Ingredients
Equipment
Method
Step-by-Step Instructions for Tomato Enoki Mushroom Soup
- Heat 1 tablespoon of neutral oil in a medium pot over medium heat until shimmering, about 2 minutes. Add 1 tablespoon of freshly grated ginger and 3 smashed garlic cloves, stirring frequently until fragrant and just golden, around 2 minutes.
- Increase the heat to medium-high and add 8 ounces of lean ground beef to the pot. Cook while breaking it up with a wooden spoon until browned and fully cooked, roughly 5 minutes.
- Stir in 2 tablespoons of tomato paste, allowing it to cook for an additional 2 minutes.
- Pour in 4 cups of low-sodium chicken stock and follow with 1 tablespoon of sugar, 1 teaspoon of salt, 1 teaspoon of ground white pepper, and 1 tablespoon of white vinegar. Toss in 8 ounces of fresh enoki mushrooms and the whites of 2 scallions.
- Bring the soup to a gentle simmer over medium-high heat, then reduce to medium-low. Allow it to simmer uncovered for at least 15 minutes.

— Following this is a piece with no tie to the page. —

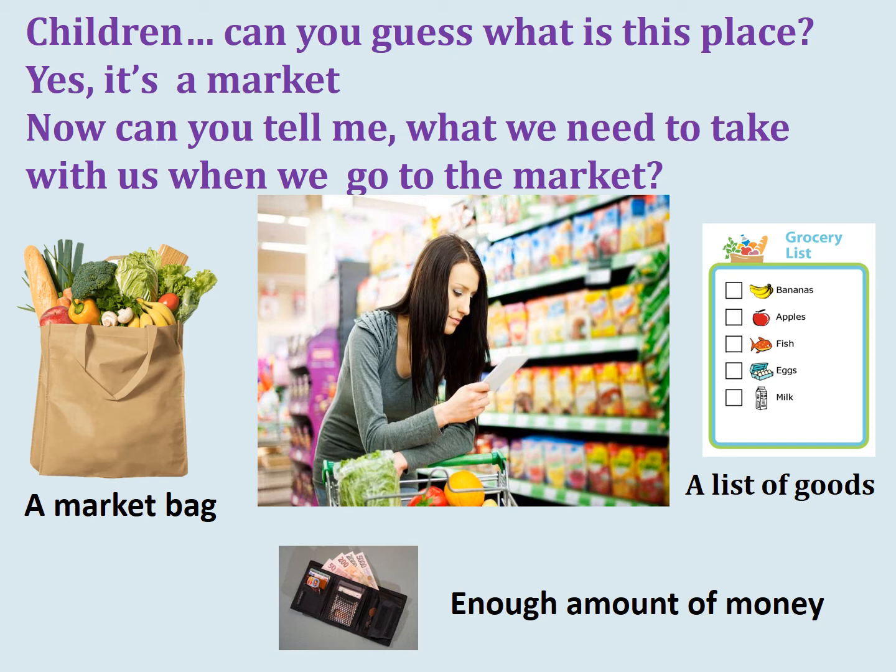Now can you tell me what we need to take with us when we go to the market? Yes, we need to take a list of goods, enough amount of money, and a market bag. Well done.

- Once the flavors have melded and the mushrooms are tender, remove the pot from heat. Ladle the soup into bowls and garnish with the chopped green tops of the scallions.
Nutrition
Notes
This soup can be refrigerated for up to 3 days or frozen for up to 1 month. Always use fresh enoki mushrooms for the best texture.